Second. Such an one is in deepest condemna­tion. None sink so far into hell as those that come nearest heaven, because they fall from the greatest height. As it aggravates the torments of the damned souls in this respect above devils, [because] they had a cord of mercy thrown out to them, which devils had not so, by how much God by his Spirit waits on, pleads with, and by both gains on [one] soul more than others, by so much such a one, if he perish, will find hell the hotter. These add to his sin, and the remembrance of his sin in hell thus accented will add to his torment. None will have such a sad parting from Christ as those who went half-way with him and then left him.

Therefore, I beseech you, look to your armour. David would not fight in armour he had not tried, though it was a king's. Perhaps some thought him too nice. What! is not the king's armour good enough for David? Thus many will say, Art thou so curious and precise? Such a great man doth thus and thus, and hopes to come to heaven at last, and darest not thou venture thy soul in this armour? No, Chris­tian, follow not the example of the greatest on earth; it is thy own soul thou venturest in battle, therefore thou canst not be too choice of thy armour. Bring thy heart to the Word, as the only touch-stone of thy grace and furniture; the Word, I told you, is the tower of David, from whence thy armour must be fetched; if thou canst find this tower stamp on it, then it is of God, else, not. Try it therefore by this one scripture-stamp. Those weapons are mighty which God gives his saints to fight his battles withal. ‘For the weapons of our warfare are not carnal, but mighty through God,’ II Cor. 10:4. The sword of the Spirit hath its point and edge, whereby it makes its way into the heart and conscience, through the im­penitency of the one and stupidity of the other (wherewith Satan, as with buff and coat of mail, arms the sinner against God) and there cuts and slashes, kills and mortifies lust in its own castle, where Satan thinks himself impregnable.

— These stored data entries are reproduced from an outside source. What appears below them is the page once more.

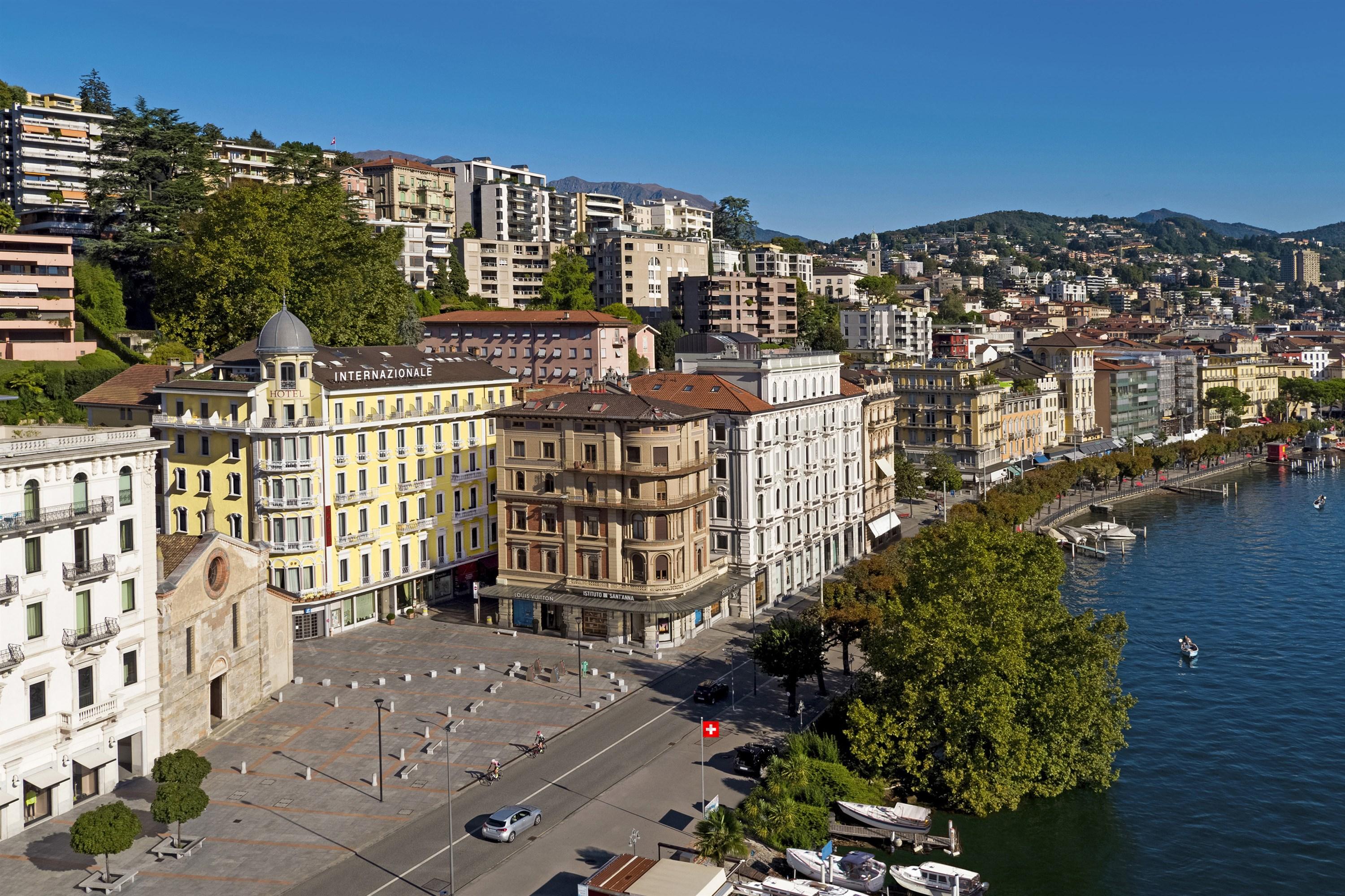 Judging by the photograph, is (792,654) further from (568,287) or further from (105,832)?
(568,287)

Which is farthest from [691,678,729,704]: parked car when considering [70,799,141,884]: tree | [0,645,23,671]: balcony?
[0,645,23,671]: balcony

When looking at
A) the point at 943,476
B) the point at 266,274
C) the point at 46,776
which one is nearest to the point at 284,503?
the point at 46,776

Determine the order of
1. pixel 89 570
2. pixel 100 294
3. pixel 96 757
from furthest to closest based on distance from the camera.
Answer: pixel 100 294 → pixel 96 757 → pixel 89 570

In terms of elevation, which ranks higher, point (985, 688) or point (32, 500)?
point (32, 500)

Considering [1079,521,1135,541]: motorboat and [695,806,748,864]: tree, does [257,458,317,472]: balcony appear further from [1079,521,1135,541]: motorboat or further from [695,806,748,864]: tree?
[1079,521,1135,541]: motorboat

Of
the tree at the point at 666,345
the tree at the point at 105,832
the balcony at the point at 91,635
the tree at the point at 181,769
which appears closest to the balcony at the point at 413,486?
the balcony at the point at 91,635

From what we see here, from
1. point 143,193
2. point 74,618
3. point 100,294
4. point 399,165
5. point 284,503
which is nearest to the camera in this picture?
point 74,618

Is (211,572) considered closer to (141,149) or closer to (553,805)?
(553,805) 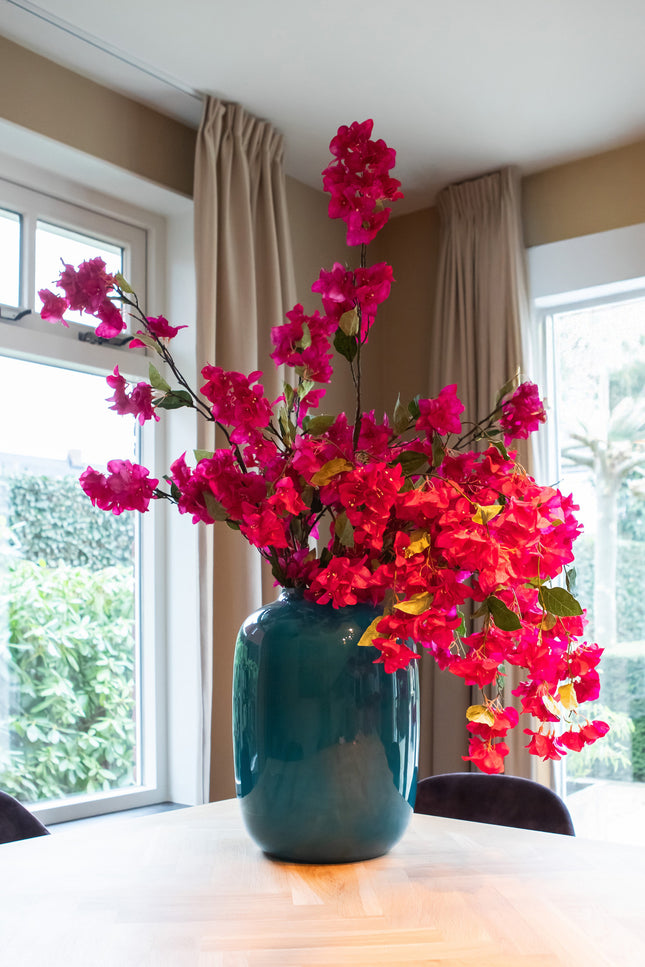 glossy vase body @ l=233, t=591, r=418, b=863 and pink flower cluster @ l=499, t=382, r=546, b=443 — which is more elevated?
pink flower cluster @ l=499, t=382, r=546, b=443

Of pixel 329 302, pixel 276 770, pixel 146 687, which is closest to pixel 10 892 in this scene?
pixel 276 770

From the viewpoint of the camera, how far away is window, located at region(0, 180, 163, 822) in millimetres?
2551

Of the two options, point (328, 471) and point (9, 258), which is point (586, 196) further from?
point (328, 471)

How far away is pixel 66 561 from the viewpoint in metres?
2.70

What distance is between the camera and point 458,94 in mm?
2854

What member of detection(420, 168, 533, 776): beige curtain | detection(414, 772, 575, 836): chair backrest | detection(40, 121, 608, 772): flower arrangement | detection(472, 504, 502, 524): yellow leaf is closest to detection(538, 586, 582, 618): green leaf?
detection(40, 121, 608, 772): flower arrangement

The breastplate which is of God, doth not bend and break at every pat of temptation, but is of such a divine temperament, that it repels Satan's motions with scorn on Satan's teeth. Should such an one as I sin, as Nehemiah in another case; and such are all the rest.

Now try whether your weapons be mighty or weak; what can you do or suffer more for God than an hypocrite that is clad in fleshly armour? I will tell you what the world saith, and if you be Christians, clear yourselves, and wipe off that dirt which they throw upon your glittering armour. They say, These professors indeed have God more in their talk than we; but when they come down into their shops, re­lations and worldly employment, then the best of them all is but like one of us. They can throw the tables of God's commandments out of their hands as well as we; [can] come from a sermon, and be as covetous and gripping, as peevish and passionate, as the worst. They show as little love to Christ as others, when it is matter of cost, as to relieve a poor saint or maintain the gospel; you may get more from a stranger, an enemy, than from a professing brother. O Christians, either vindicate the name of Christ, whose ensign you seem to march after, or throw away your seeming armour, by which you have drawn the eyes of the world upon you. If you will not, Christ himself will cashier you, and that with shame enough ere long. Never call that the armour of God which defends thee not against the power of Satan.

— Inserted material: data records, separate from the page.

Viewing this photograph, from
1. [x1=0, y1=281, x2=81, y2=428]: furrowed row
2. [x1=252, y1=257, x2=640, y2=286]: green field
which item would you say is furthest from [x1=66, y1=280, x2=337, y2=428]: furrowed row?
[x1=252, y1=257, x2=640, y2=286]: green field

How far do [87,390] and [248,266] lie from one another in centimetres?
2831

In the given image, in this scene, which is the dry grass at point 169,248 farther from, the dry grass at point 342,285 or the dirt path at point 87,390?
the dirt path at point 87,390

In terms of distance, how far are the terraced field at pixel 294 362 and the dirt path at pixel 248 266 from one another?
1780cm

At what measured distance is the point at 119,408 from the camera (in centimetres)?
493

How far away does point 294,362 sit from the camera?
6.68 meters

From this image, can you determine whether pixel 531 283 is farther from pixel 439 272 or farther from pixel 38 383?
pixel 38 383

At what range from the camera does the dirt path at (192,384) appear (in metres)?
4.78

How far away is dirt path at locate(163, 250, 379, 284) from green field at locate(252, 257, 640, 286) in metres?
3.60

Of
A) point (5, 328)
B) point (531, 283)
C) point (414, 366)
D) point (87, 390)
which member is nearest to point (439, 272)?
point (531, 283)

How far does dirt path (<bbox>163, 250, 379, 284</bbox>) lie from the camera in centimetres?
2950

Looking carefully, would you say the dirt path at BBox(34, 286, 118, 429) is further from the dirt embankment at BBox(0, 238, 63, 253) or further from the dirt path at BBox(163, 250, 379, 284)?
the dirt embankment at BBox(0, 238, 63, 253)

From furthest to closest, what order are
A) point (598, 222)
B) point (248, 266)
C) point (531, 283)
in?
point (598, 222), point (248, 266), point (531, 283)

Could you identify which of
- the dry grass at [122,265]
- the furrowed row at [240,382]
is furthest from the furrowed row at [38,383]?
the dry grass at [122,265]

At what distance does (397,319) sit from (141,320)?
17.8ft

Take, therefore, the several pieces of your armour and try them, as the soldier before he fights will set his helmet or head-piece as a mark, at which he lets fly a brace of bullets, and as he finds them so will wear them or leave them. But be sure thou shootest scripture-bullets. Thou boastest of a breastplate of righteousness. Ask thy soul, Didst thou ever in thy life perform a duty to please God, and not to accommodate thyself? Thou hast prayed often against thy sin, a great noise of the pieces have been heard coming from thee by others, as if there were some hot fight between thee and thy corruption, but canst thou indeed show one sin thou hast slain by all thy praying? Joseph was alive, though his coat was brought bloody to Jacob; and so may thy sin be, for all thy mortified look in duty, and outcry thou makest against them. If thou wouldst thus try every piece, thy credulous heart would not so easily be cheated with Satan's false ware.

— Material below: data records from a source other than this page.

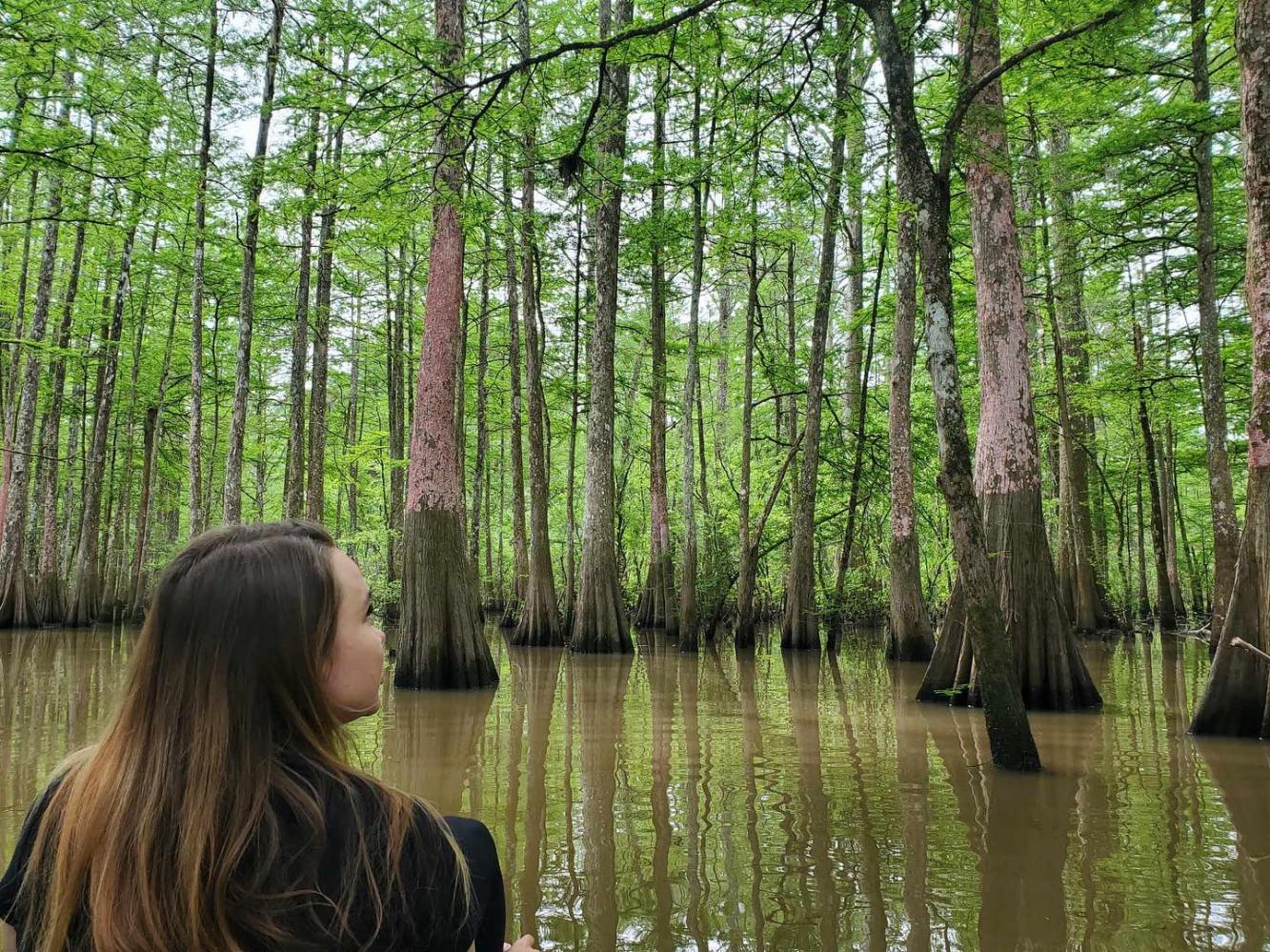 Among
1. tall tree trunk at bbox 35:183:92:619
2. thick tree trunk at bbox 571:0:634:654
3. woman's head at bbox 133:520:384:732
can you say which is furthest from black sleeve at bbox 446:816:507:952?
tall tree trunk at bbox 35:183:92:619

Objection. But is all armour that is of God thus mighty? We read of weak grace, little faith; how can this then be a trial of our armour whether of God or not?

Answer. I answer, the weakness of grace is in respect of stronger grace, but the weak grace is strong and mighty in comparison of counterfeit grace. Now, I do not bid thee try the truth of thy grace by such a power as is peculiar to stronger grace, but by that power which will distinguish it from false. True grace, when weakest, is stronger than false when strongest. There is a principle of divine life in it which the other hath not. Now life, as it gives excel­lency—a flea or a fly by reason of its life, is more excellent than the sun in all his glory—so it give strength. The slow motion of a living man, though so feeble that he cannot go a furlong in a single day, yet coming from life, imports more strength than is in a ship, which though it sails swiftly, hath its motion from without. Thus possibly an hypocrite may ex­ceed the true Christian in the bulk and outside of a duty, yet because his strength is not from life, but from some wind and tide abroad that carries him, and the Christian's is from an inward principle, therefore the Christian's weakness is stronger than the hypocrite in his greatest enlargements. I shall name but two acts of grace whereby the Christian, when weakest, exceeds the hypocrite in all his best array. You will say, then grace is a weak stay indeed, when the Christian is persuaded to commit a sin, a great sin, such a one as possibly a carnal person would not have it said of him for a great matter. So low may the tide of grace fall, yet true grace at such an ebb will appear of greater strength and force than the other.

1. This principle of grace will never leave till the soul weeps bitterly with Peter, that it hath offended so good a God. Speak, O ye hypocrites can ye show one tear that ever you shed in earnest for a wrong done to God? Possibly you may weep to see the bed of sorrow which your sins are making for you in hell, but ye never loved God so well as to mourn for the injury ye have done the name of God. It is a good gloss Augustine hath upon Esau's tears Heb. 12:16, 17. —Flevet quòd perdidit, non quòd vendidit —he wept that he lost the blessing, not that he sold it. Thus we see an excellency of the saint's sorrow above the hypocrite's. The Christian by his sorrow shows him­self a conqueror of that sin which even now overcame him; while the hypocrite by his pride shows himself a slave to a worse lust than that he resists. While the Christian commits a sin he hates; whereas the other loves it while he forbears it.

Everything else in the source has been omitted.